The five cities have not yet been selected, but the researchers involved in the project say they're bringing a holistic approach that involves training police officers on issues of racial bias, data analysis and interviews with community members. They expect to review police behavior in the cities with the hope of building community trust and creating an evidence-based model that could be applied more broadly.
Though the project was in the works before Ferguson, the Aug. 9 shooting death of Michael Brown by white police officer Darren Wilson spotlighted longstanding concerns about diversity in policing. The Ferguson police force is overwhelmingly white even though the suburban St. Louis city is roughly 70 percent black. A 2013 report by the Missouri attorney general's office found that Ferguson police stopped and arrested black drivers nearly twice as often as white motorists, but were less likely to find contraband among the black drivers.
Holder, who visited Ferguson last month to meet with Brown's parents, community members and with investigators, said he was struck by the number of complaints he heard about traffic stops and the concerns from minorities about being treated unfairly during encounters with the police.
"The reality is that it certainly had a negative impact on people's view of the effectiveness and fairness of the police department," Holder said.
The Justice Department this month announced a civil rights investigation into the Ferguson police force. In the past five years, the department has launched about 20 similarly broad probes of police departments that have examined problems including use-of-force and racial bias. Holder has spoken repeatedly of his concerns of the disparate treatment of minorities by some in law enforcement, recently sharing personal anecdotes of a "humiliating" encounter with police.
In April, months after the acquittal of neighborhood watch volunteer George Zimmerman in the shooting death of Trayvon Martin, the Justice Department announced that it was soliciting bids for a $4.75 million racial bias project that would collect data on stops, searches, arrests and case outcomes.
On Thursday, in the next phase of the project, the department will announce that it is providing grants to a team of researchers from John Jay College of Criminal Justice in New York, Yale University, UCLA and the Urban Institute.
"It represents, I think, an attempt for this administration to partner with researchers who are tired of tragedy being followed by embarrassment," said Phillip Atiba Goff, a UCLA professor who specializes in racial discrimination and bias and a researcher involved in the project.
David Kennedy, another team member and director of the Center for Crime Prevention and Control at John Jay, called the project a "historic and tremendously exciting enterprise."
In their writings, the researchers have stressed the importance of giving minority communities a forum to air grievances about law enforcement. Their work seeks to identify and curb hidden racial biases in law enforcement that can inform a police officer's decision about whom to consider a likely suspect and when to fire a weapon. They also argue that communities are far more likely to respect their police departments if they view their authority as legitimate and fair.
In the past, the researchers have been invited to apply those principles to cities including Chicago, where they developed a program on race and reconciliation that has trained thousands of officers.
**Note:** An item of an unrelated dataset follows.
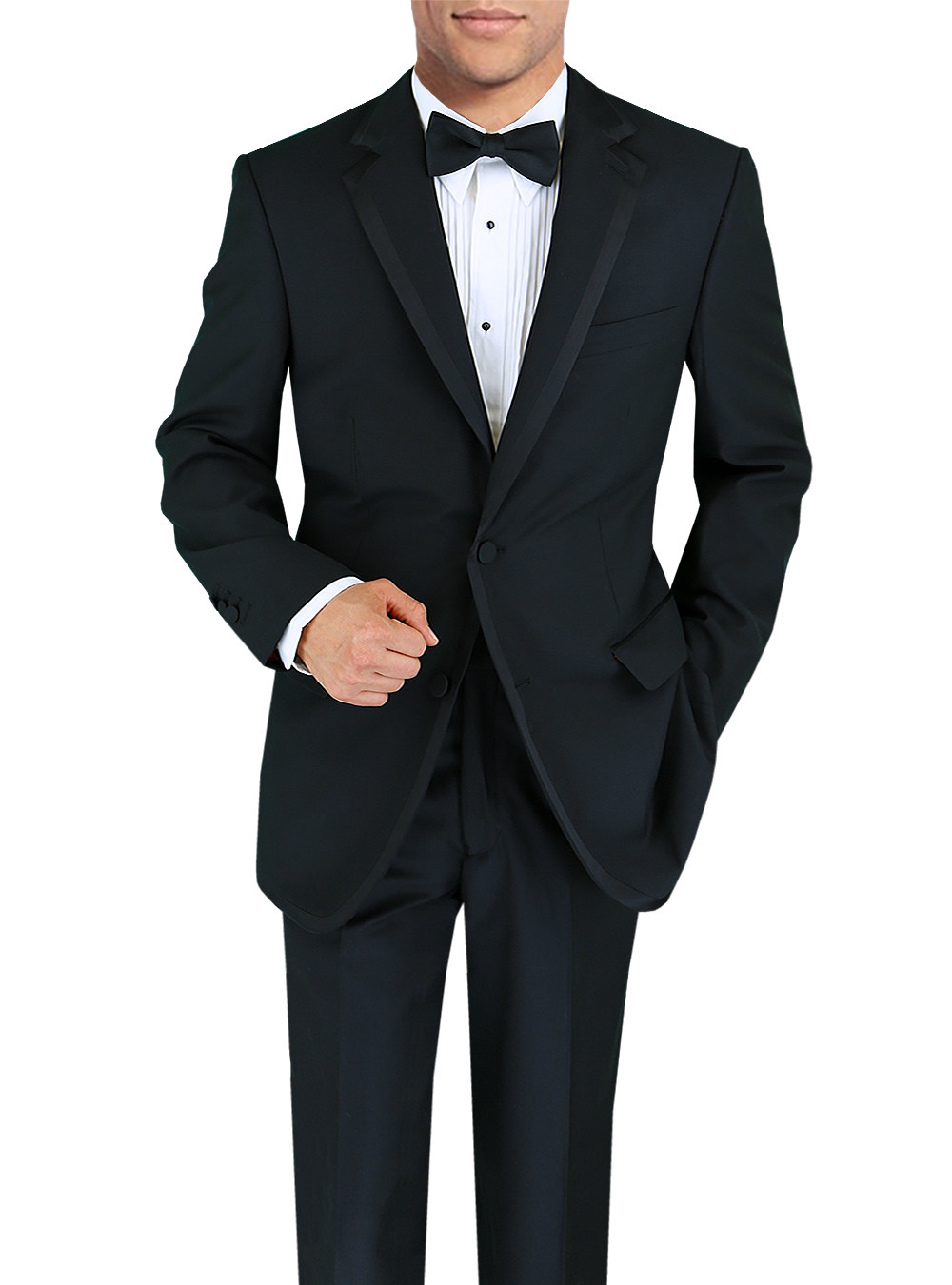 Mens DTI DARYA TRADING BB Signature Two Button Notch Lapel Wool Tuxedo Suit in Black - Image1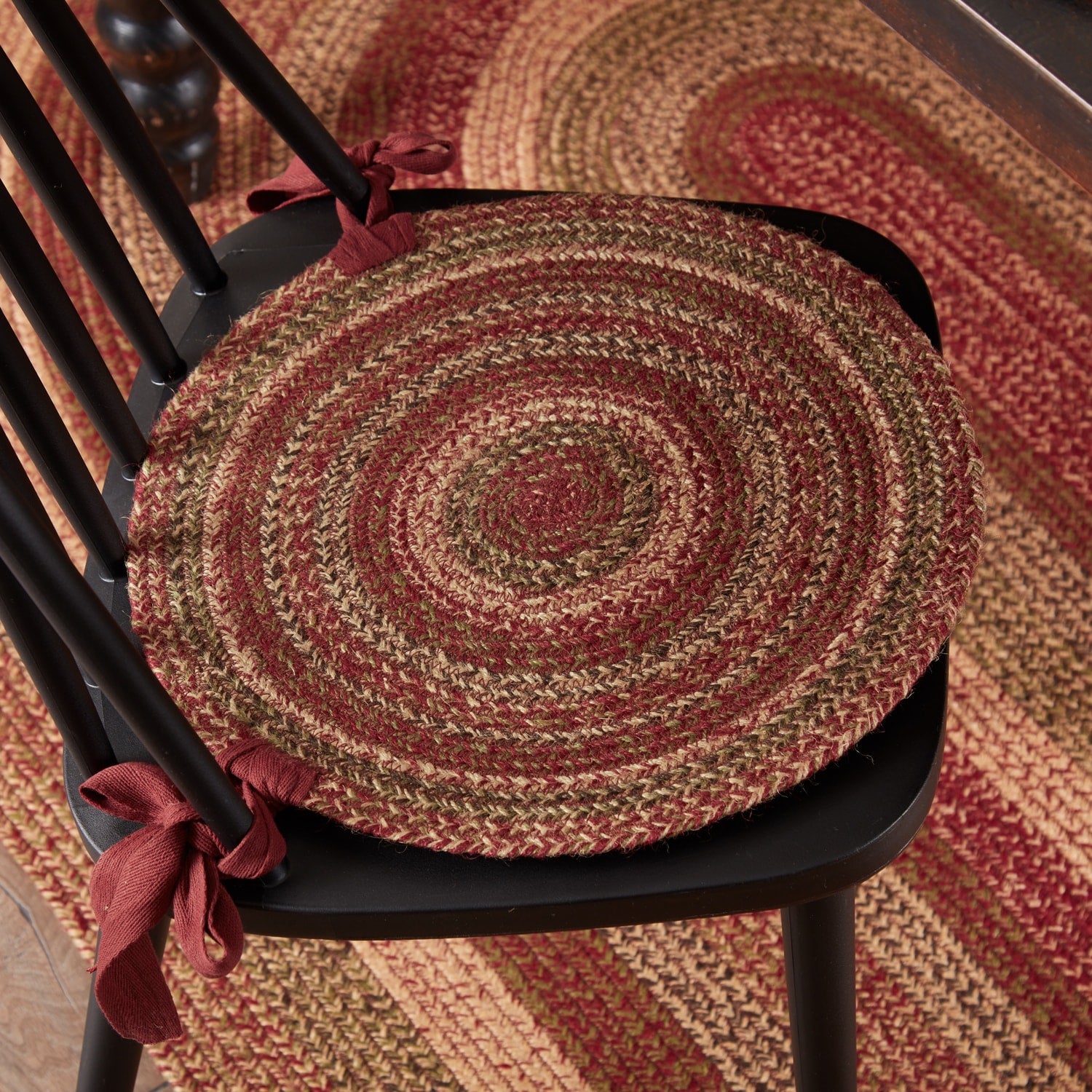 Vhc Cider Mill Burgundy Red Primitive Country Tabletop Kitchen Jute Chair Pad Set Of 6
"Studies show that if people think that they are treated fairly by the police, that matters almost more than what the result is," Holder said. "If you get stopped for a traffic stop and feel that you are treated courteously and fairly, you are much more likely to accept the fact that you got a speeding ticket."
Separate from the investigation into the Ferguson police force, both the FBI and local authorities are investigating the circumstances of the shooting for potential criminal charges. Holder said the FBI-led investigation into the shooting was moving along with good cooperation from the community. He said he hoped the investigations would be concluded sooner rather than later.
"We would not be well served as a nation to have this drag out," Holder said of the investigation. "I would hope that the local investigation would be done thoroughly, would be done expeditiously in the same way that I'm insisting that this federal probe be done thoroughly and expeditiously."
"There's a great deal of anticipation, and I'd say apprehension, on the part of the people in Ferguson, and many people in this nation, about how this is going to be resolved," he added.